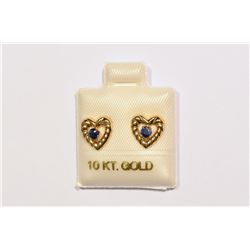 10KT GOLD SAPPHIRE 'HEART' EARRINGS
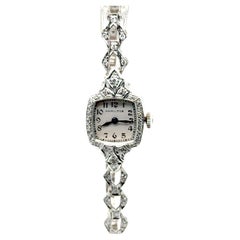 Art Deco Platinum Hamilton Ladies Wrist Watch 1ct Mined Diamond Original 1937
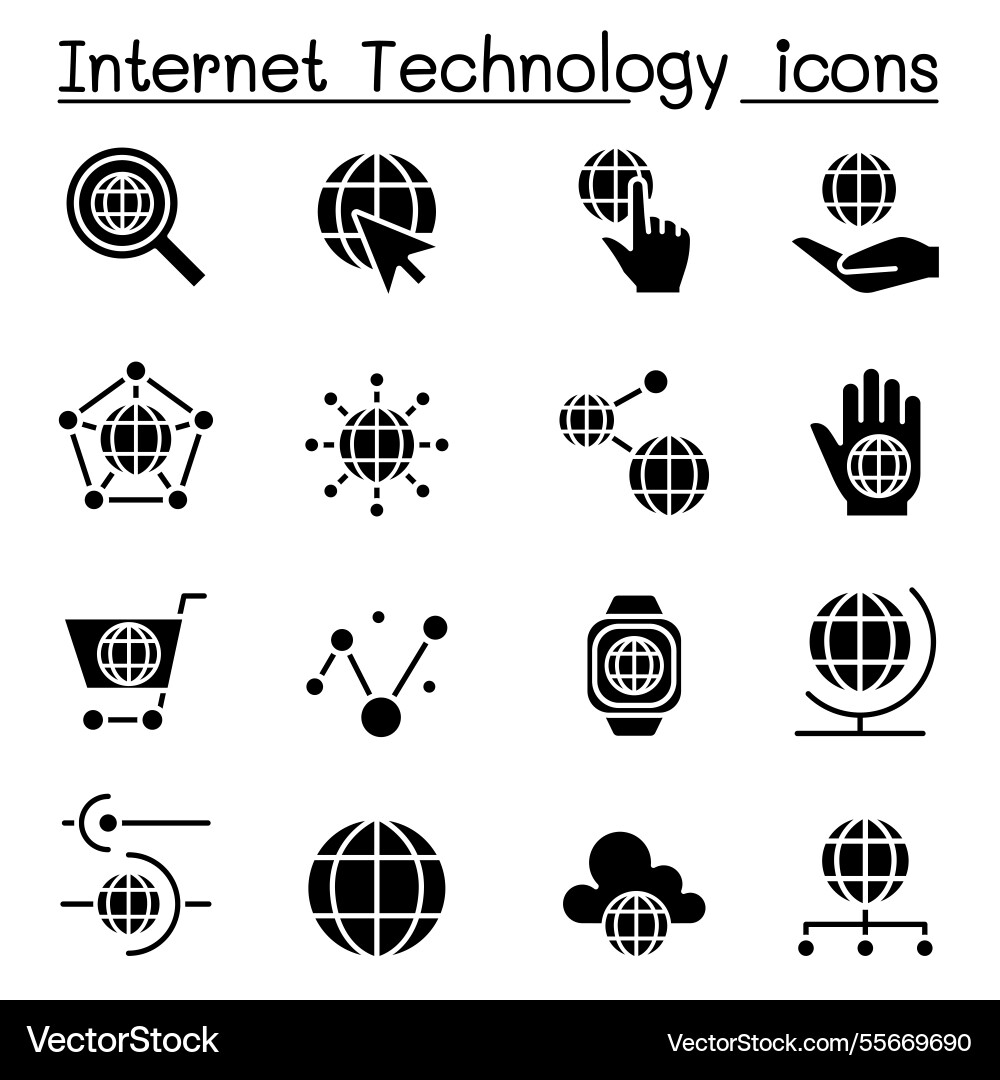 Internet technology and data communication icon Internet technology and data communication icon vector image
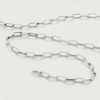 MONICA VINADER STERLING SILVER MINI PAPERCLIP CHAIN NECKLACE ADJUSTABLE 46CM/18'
...
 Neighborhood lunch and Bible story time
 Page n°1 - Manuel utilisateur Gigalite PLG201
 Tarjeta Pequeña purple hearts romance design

# Required action
Leaving all pictures out, output exactly the lines of the material above from the line with "10KT GOLD SAPPHIRE 'HEART' EARRINGS" to the line with "Internet technology and data communication icon Internet", both included.

# Response box
 10KT GOLD SAPPHIRE 'HEART' EARRINGS
 Art Deco Platinum Hamilton Ladies Wrist Watch 1ct Mined Diamond Original 1937
 Internet technology and data communication icon Internet technology and data communication icon vector image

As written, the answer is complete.